Assassiner un enseignant pour la seule raison qu’il exerçait son métier de former les esprits des futurs citoyens, c’est profaner la République tout entière. C’est cela qu’exprimera sans doute le chef de l’État, ce mercredi, à l’occasion de l’hommage national rendu à Samuel Paty, le professeur de collège tué par un fanatique à Conflans-Sainte-Honorine.
Le lieu choisi par la famille pour cette
cérémonie, entre les murs pluriséculaires de la Sorbonne, ce symbole de
l’émancipation des femmes et des hommes par l’accès aux lumières de la
connaissance, à deux pas des statues de Louis Pasteur et de Victor Hugo,
manifeste à la fois la confiance en la supériorité du savoir sur la force brute
de l’obscurantisme, et la reconnaissance de la justesse du but auquel Samuel
Paty a voué sa vie en épousant la carrière d’enseignant. Il souligne, aussi, le
fossé irréductible qui sépare la victime de son meurtrier et de ceux qui ont
inspiré son acte de haine aveugle.
Le hasard du destin a voulu que sa fin
tragique, le drame vécu par ses proches et par ses élèves acquièrent une
signification et une résonance telles dans la communauté nationale et même
au-delà que la figure et l’histoire du professeur ne lui appartiennent plus
complètement. Samuel Paty était pourtant un homme parmi les hommes et il
n’aspirait sans doute pas à devenir un héros malgré lui.

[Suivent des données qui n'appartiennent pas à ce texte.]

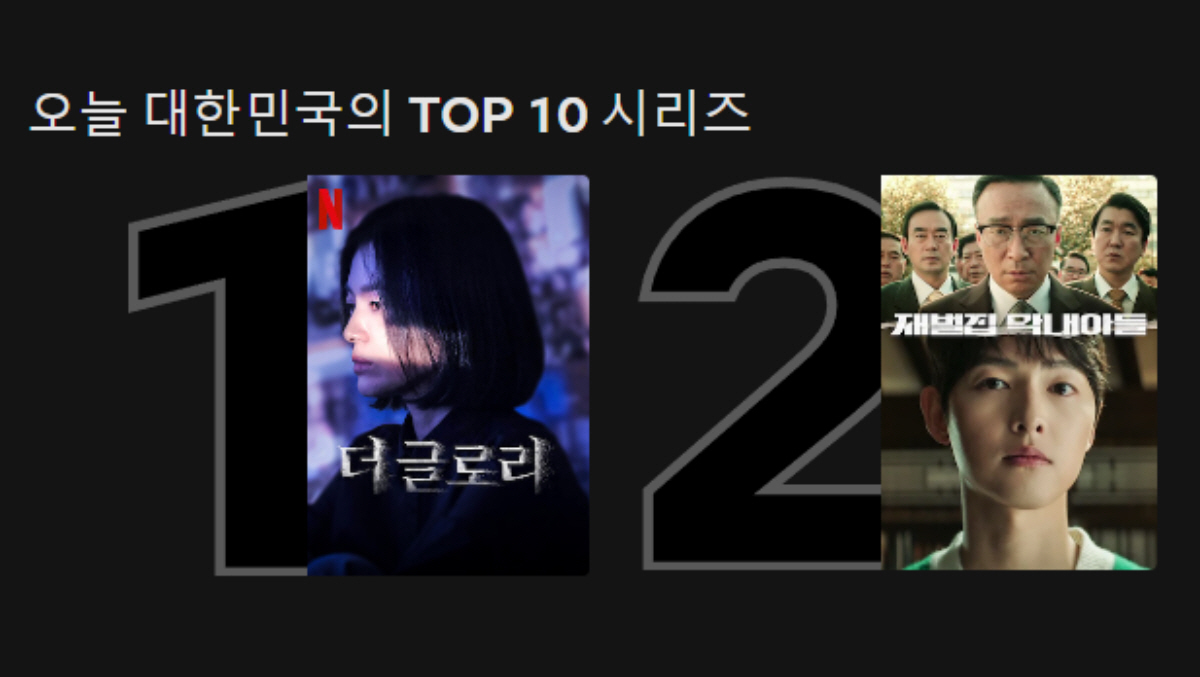 ▲(출처=넷플릭스 ‘오늘 대한민국의 TOP 10 시리즈’ 캡처)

Cette héroïsation peut être propice à la récupération
au service de causes étrangères à celui qui se trouve ainsi héroïsé. Certaines
plumes ont déjà tenté d’enrôler le professeur décédé dans leur panthéon
imaginaire peuplé des « hussards noirs » immortalisés par
Charles Péguy, ces maîtres à l’uniforme aussi sévère que leur enseignement
vantés par l’écrivain chouchou des conservateurs, et qui font fantasmer
aujourd’hui les partisans du retour à une école de la IIIe République parée de
toutes les vertus. Espérons qu’Emmanuel Macron saura, de son côté, résister à
ces facilités qui rabaisseraient l’hommage, dont l’origine du mot nous rappelle
qu’il est d’abord un serment de fidélité à celui à qui il s’adresse.